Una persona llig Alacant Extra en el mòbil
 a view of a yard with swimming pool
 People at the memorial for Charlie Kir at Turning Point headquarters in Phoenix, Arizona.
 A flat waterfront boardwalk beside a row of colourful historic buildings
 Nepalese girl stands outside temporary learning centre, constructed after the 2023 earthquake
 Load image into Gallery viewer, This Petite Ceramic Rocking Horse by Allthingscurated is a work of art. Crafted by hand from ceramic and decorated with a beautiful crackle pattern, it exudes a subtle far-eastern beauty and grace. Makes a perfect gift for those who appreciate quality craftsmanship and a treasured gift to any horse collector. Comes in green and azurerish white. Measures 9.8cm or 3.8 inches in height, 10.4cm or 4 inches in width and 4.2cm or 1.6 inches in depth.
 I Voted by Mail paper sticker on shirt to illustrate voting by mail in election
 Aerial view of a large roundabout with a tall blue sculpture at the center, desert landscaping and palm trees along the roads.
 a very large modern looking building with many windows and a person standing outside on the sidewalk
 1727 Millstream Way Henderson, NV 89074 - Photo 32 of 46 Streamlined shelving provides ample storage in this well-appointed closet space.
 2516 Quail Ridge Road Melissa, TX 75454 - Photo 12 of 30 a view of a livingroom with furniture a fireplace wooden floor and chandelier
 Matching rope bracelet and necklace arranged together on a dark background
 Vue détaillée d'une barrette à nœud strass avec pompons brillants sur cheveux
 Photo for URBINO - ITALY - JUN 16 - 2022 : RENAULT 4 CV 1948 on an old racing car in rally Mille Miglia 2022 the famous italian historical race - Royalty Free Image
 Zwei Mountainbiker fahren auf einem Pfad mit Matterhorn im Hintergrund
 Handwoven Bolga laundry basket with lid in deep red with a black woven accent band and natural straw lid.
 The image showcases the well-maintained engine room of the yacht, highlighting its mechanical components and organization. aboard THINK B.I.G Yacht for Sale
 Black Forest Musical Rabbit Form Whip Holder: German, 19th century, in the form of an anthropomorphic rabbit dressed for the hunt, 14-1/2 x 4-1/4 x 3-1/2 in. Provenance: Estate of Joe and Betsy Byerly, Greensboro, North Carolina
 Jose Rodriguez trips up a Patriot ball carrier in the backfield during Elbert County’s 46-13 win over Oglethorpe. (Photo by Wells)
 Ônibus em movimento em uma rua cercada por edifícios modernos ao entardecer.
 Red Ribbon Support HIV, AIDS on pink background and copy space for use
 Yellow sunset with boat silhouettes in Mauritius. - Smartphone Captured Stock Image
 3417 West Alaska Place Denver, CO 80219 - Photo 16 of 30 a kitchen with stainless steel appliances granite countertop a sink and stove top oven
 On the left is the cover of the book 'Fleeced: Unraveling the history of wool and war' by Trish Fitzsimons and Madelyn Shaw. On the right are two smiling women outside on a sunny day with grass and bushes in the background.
*****
• PROBLEM STATEMENT
Using the entries shown above, reproduce verbatim the lines from the line bearing "1727 Millstream Way" to the line bearing "Photo for URBINO", inclusive.

• EXERCISE RESPONSE
 1727 Millstream Way Henderson, NV 89074 - Photo 32 of 46 Streamlined shelving provides ample storage in this well-appointed closet space.
 2516 Quail Ridge Road Melissa, TX 75454 - Photo 12 of 30 a view of a livingroom with furniture a fireplace wooden floor and chandelier
 Matching rope bracelet and necklace arranged together on a dark background
 Vue détaillée d'une barrette à nœud strass avec pompons brillants sur cheveux
 Photo for URBINO - ITALY - JUN 16 - 2022 : RENAULT 4 CV 1948 on an old racing car in rally Mille Miglia 2022 the famous italian historical race - Royalty Free Image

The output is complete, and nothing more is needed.